BG Chap 7 - Three types of bhakti

(1) Kevala or pure bhakti

This was described in the beginning of this chapter (7.1) and will also be described by the Lord later. The result of pure bhakti is that one becomes an associate of the Lord with dāsya, sakhya, vātsalya or mādhurya prema.

(2) Pradhānī-bhūtā-bhakti

The four types of pious people described before qualify for pradhānī-bhūtā-bhakti, in which bhakti is the main component.

(a) Karma-miśra-bhakti

The first three types are sakāma devotees. They have karma-miśra-bhakti because they ask Kṛṣṇa to satisfy their material desires. The inquisitive is placed between the distressed and the desirer of wealth because of the hope that these two types will develop inquisitiveness in the future. The result of this bhakti is attainment of the respective desires (deliverance from suffering, attainment of scriptural knowledge, gain of material benefits). And after that, because of the superior nature of their object of worship (the Lord), those devotees attain liberation in the form of sālokya with predominance of happiness and powers. And there is no fall down as in the case of exhausting enjoyment in svarga as a result of karma.

(b) Jñāna-miśra-bhakti

The fourth type (jñānī) has jñāna miśra bhakti, and the result is śānta rati (bhāva), as in the case of Sanaka and others. Sometimes, because of exceptional mercy of the Lord and his devotee, the result of jñāna miśra bhakti is the supreme position of prema, as in the case of Śukadeva. If sakāma bhakti (the first three types) becomes niṣkāma, the result is jñāna miśra bhakti. Sometimes, those who have jñāna or karma miśra bhakti attain prema in dāsya and higher rasas on their own, because of influence of association with devotees in previous lives. However, that prema is predominated by a mood of reverence.

(3) Guṇī-bhūtā-bhakti

A third type of bhakti, guṇī-bhūtā-bhakti (processes in which bhakti is subsidiary) is seen in the karmīs, jñānīs and yogīs, who predominantly desire results for their actions (bhukti and mukti).
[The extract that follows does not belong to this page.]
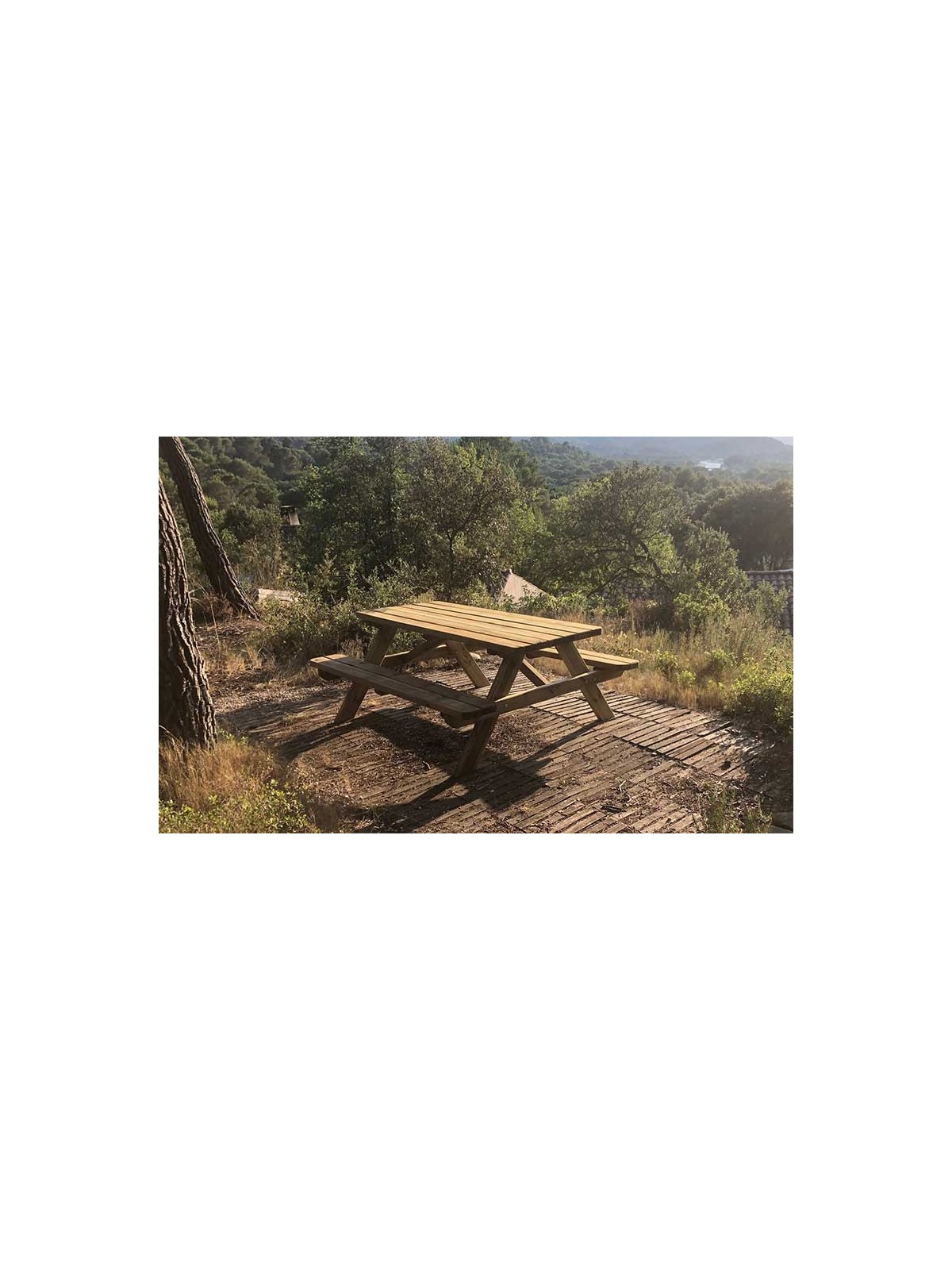 Une table de pique-nique bois STELLA économique pour les collectivités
Because of the lack of predominance of bhakti, and instead with a predominance of karma, jñāna or yoga, it is not classified as bhakti. As things should be classed by predominance of quality, these are classed as karma, jñāna and yoga, and the practitioners are not classed as bhaktas, but as karmīs, jñānīs or yogīs. The result of sakāma karma is svarga, the result of niṣkāma karma is jñāna yoga, and the result of jñāna and aṣṭāṅga yoga is nirvāṇa mokṣa, impersonal liberation.